▶ _PROBLEM STATEMENT_
Transcribe, word for word, only the lines from the one containing "Microsimulación Flight Center" through the end of the material below. Pictures stay out.
** Opening DATA PROVIDED block **
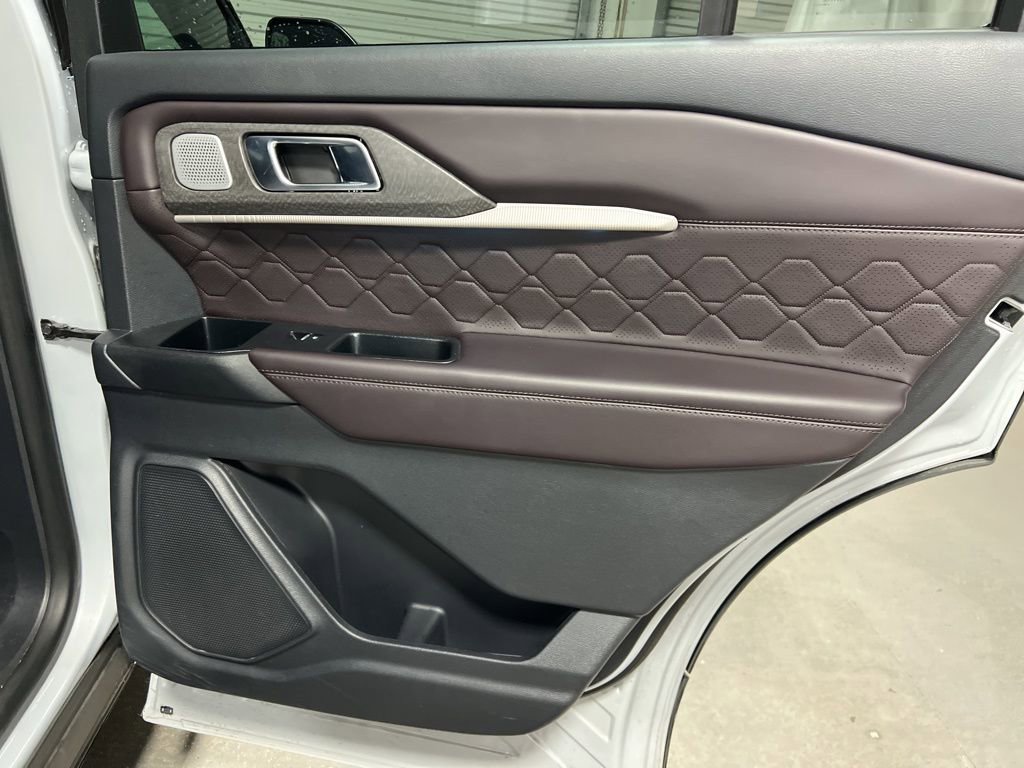 Used 2025 Ford Explorer Platinum w/ LUX Leather Package image 12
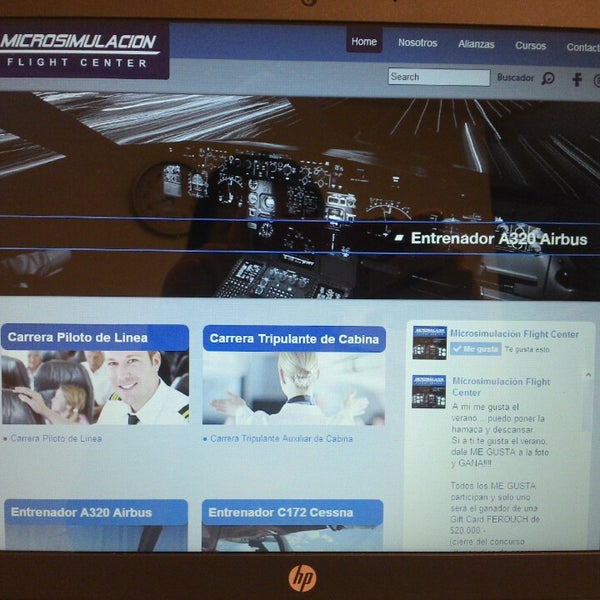 Microsimulación Flight Center - College Academic Building in ...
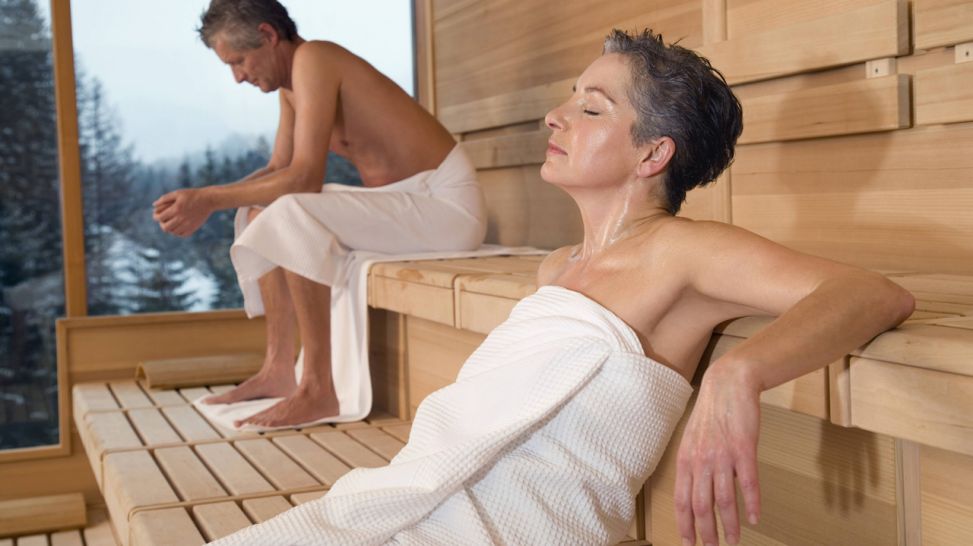 Frau und Mann in Sauna (Quelle: imago/Westend61)
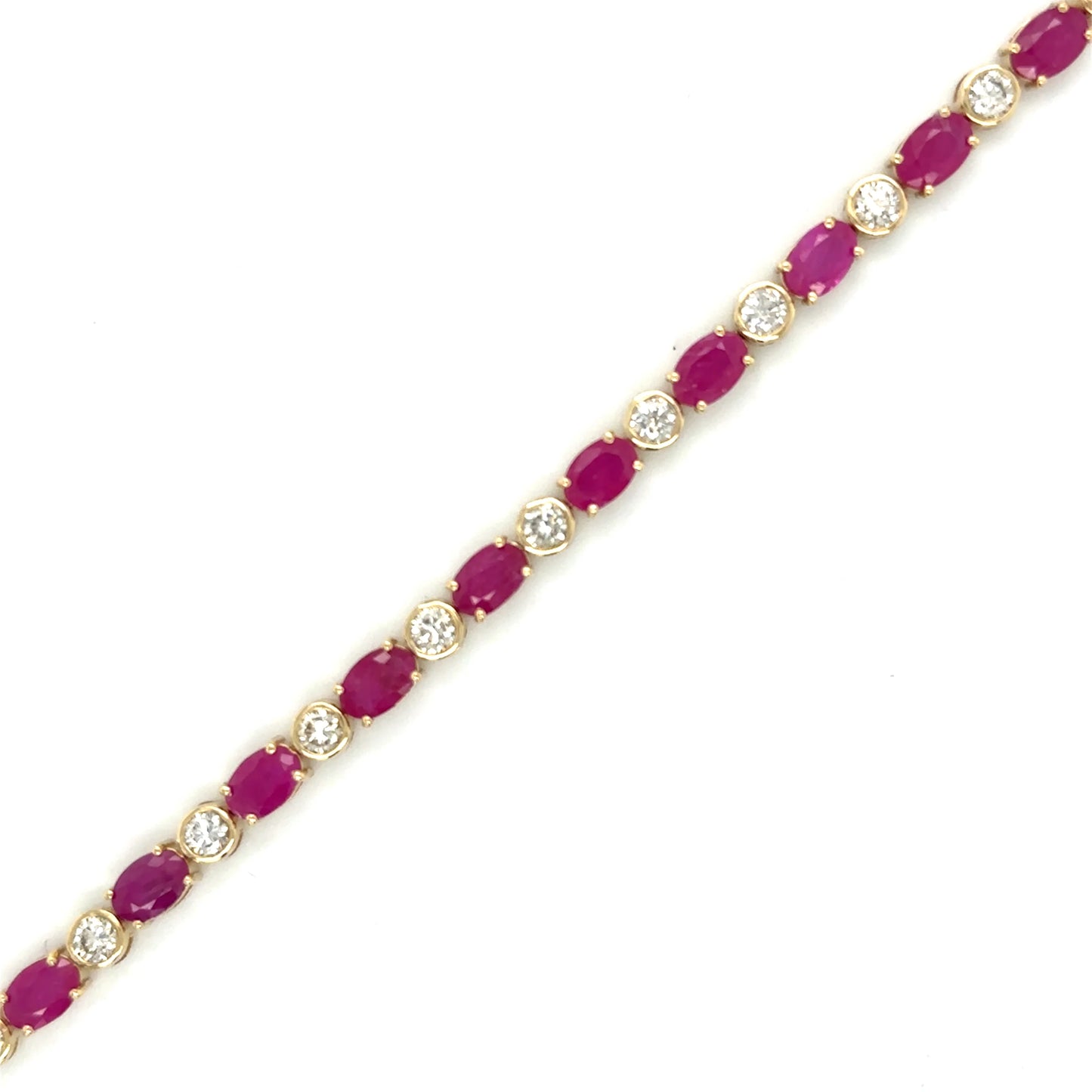14KT YELLOW GOLD RUBY AND DIAMONDS BRACELET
** Closing DATA PROVIDED block **
▶ _ANSWER BELOW_
 Microsimulación Flight Center - College Academic Building in ...
 Frau und Mann in Sauna (Quelle: imago/Westend61)
14KT YELLOW GOLD RUBY AND DIAMONDS BRACELET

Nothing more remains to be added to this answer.